Climate change is truly the topic no one wants to hear about.
Reminders of the slow, seemingly inevitable shift towards our mutual demise?
Yuck.
However, the signs are truly all around us, and ignoring them won’t make them go away.
So we need to talk about them. Because the more minds we have collectively thinking about them, the more likely we are to dream up and enact solutions.
On VanIsle, climate change is an especially touchy topic.
We’re especially vulnerable to shifting ocean and storm levels, and when our rivers dry up, it’s far from easy to get them back.
Right now is supposed to be the wettest time of year for our rainy Island.
But we’re still in a drought that hasn’t really let up, and it has left our water sources at some of their lowest levels on record.
This year’s extreme weather conditions are the exact opposite of last year, when we were dealing with atmospheric rivers.
The switch shows the wild swings climate change is causing worldwide here at home.

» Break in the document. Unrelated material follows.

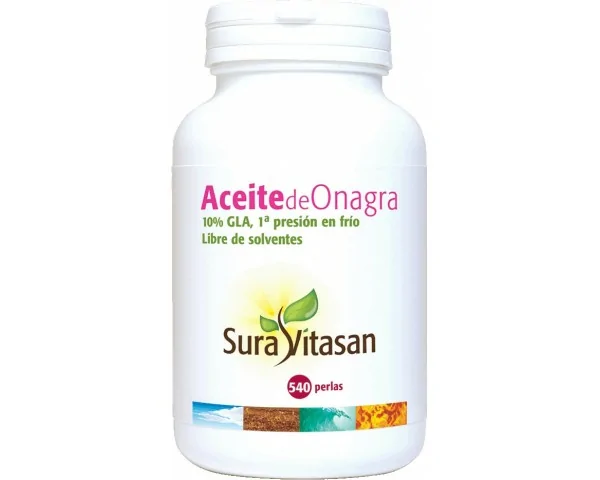 Imagen del producto ACEITE ONAGRA 500 mg 540 Perlas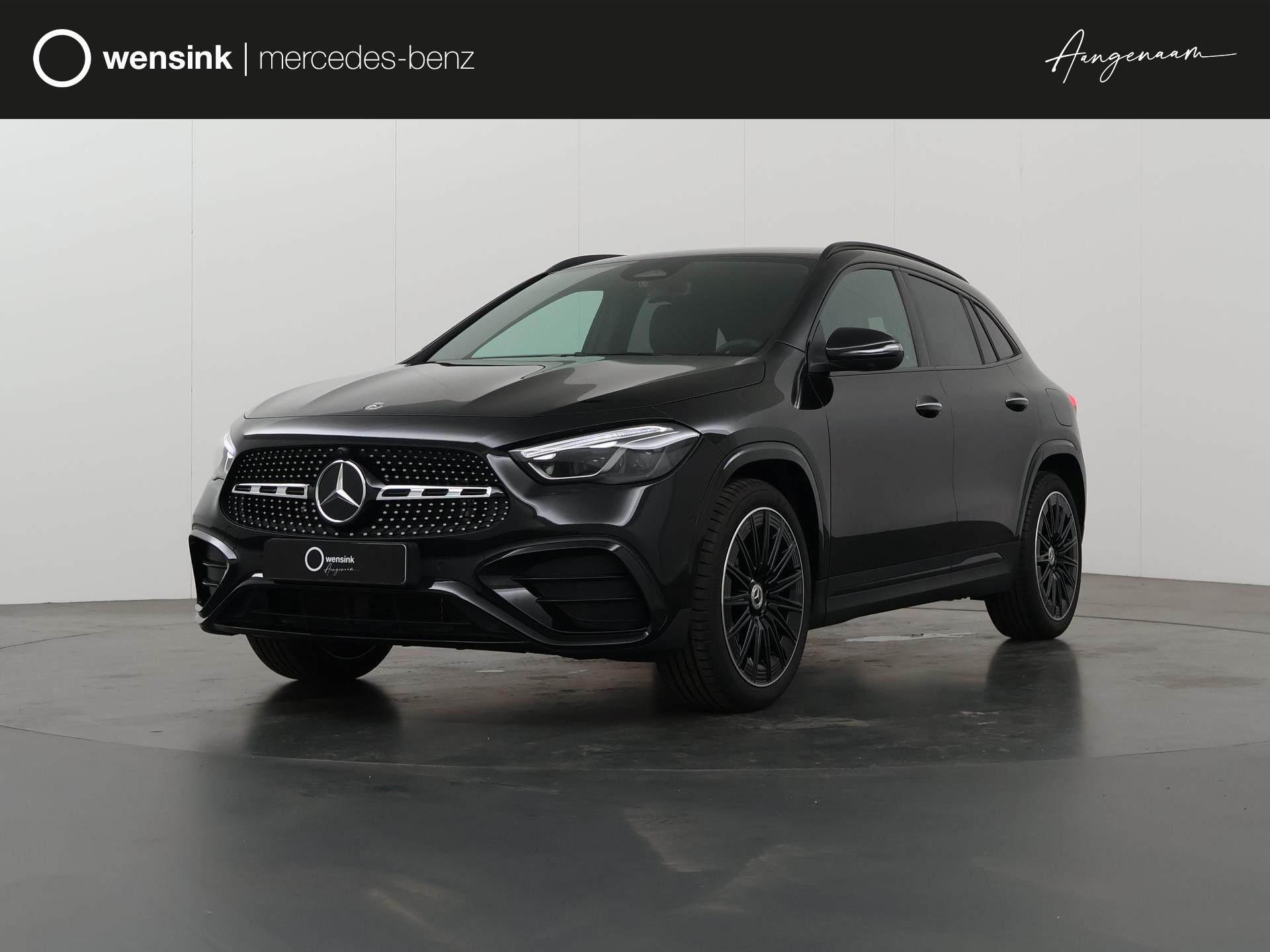 Mercedes-Benz GLA-klasse 180 Star Edition AMG Line l Night Pack l 20'' LM Velgen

The more these extremes switch back and forth, the less our ecosystems can deal with them.
When the land dries out, it makes flooding even more likely when it does finally rain. Although at the moment, it looks like our reservoirs won’t get their usual fill-ups at all before next year.
This could cause even more dire conditions next summer.
Besides the weird weather we’re dealing with right now, the threat of rising sea levels is a slow-motion disaster none of us are ready for.
Chris Houser is an environmental sciences professor at the University of Windsor and part of the school’s coastal research group. “Living on the coast is part of our economic, our social, our cultural fabric. It’s people’s livelihoods. It’s hard to move from those coasts,” he told the Canadian Press.
“It’s going to be a very difficult period as we see some of these coastal areas eroded or being impacted further by sea level rise and storms.”
A study published in March 2020 by the European Commission Joint Research Centre showed almost half the world’s sandy beaches face near extinction by the end of the century.
Why? Because of increasing greenhouse gas emissions.
The paper said Australia stands to lose the most coastline, followed closely by Canada. Models show Canada stands to lose between 6,400 and 14,400 kilometres of beach by 2100. Canada’s total coastline is about 243,000 kilometres.
Basically, the effects of climate change are not skipping us here. And we need to keep pushing our leaders to, you know, lead on climate change.
It’s our main shot at saving our home. Otherwise, we can watch it disappear.